Kontrowersji dostarcza przede wszystkim regulamin serwisu, który jak zauważyli użytkownicy, został skopiowany z Facebooka. Być może nikt, by nie zwrócić na to uwagi, biorąc pod uwagę, że mało kto bardzo dokładnie wczytuje się w tego typu dokumenty. Jednak w tym wypadku serwis Albicla skopiował cały regulamin ** wraz** z hiperłączami prowadzącymi do serwisu Marka Zuckerberga.
[twitter=https://twitter.com/BByczkiewicz/status/1352008404861030400]
Reakcja internautów była natychmiastowa.

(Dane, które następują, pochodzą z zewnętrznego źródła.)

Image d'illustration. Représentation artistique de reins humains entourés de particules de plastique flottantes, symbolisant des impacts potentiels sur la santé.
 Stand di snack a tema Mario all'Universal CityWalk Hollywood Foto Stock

Zarzucili oni polskiemu serwisowi amatorszczyznę i kradzież. I jakby tego było mało, to w regulaminie znalazło się wiele zapisów, które przeczą idei samego serwisu.
Albicla jednak nie taka wolna od cenzury
Nowe serwisy społecznościowe, które powstały w ostatnich dniach w Polsce mają w teorii jeden cel - umożliwić użytkownikom dzielenie się swoimi poglądami bez jakiejkolwiek cenzury. To obiecywali WolniSłowianie i to samo w swoich postulatach ma Albicla.
Jednak, jak się okazuje regulamin Albicli mówi już coś innego. Znajdziemy tam zapis, że treści "sprzeczne z zasadami współżycia społecznego i dobrym obyczajem" będą usuwane. Jak słusznie zwrócili uwagę internauci, trudno w takim wypadku mówić o mediach społecznościowych bez cenzury. Różnić się może jedynie to, jakie treści będą uważane za sprzeczne z "dobrym obyczajem".
Wolność słowa w internecie to ostatnio coraz głośniejszy temat. Czy potrzebujemy polskich mediów społecznościowych? Na ten temat szeroko wypowiadał się Kamil J. Dudek. Bardzo trudno jest wyznaczyć właściwe granice, ale polski rząd zadeklarował, że podejmie działania, które mają rozwiązać problem cenzury zagranicznych gigantów.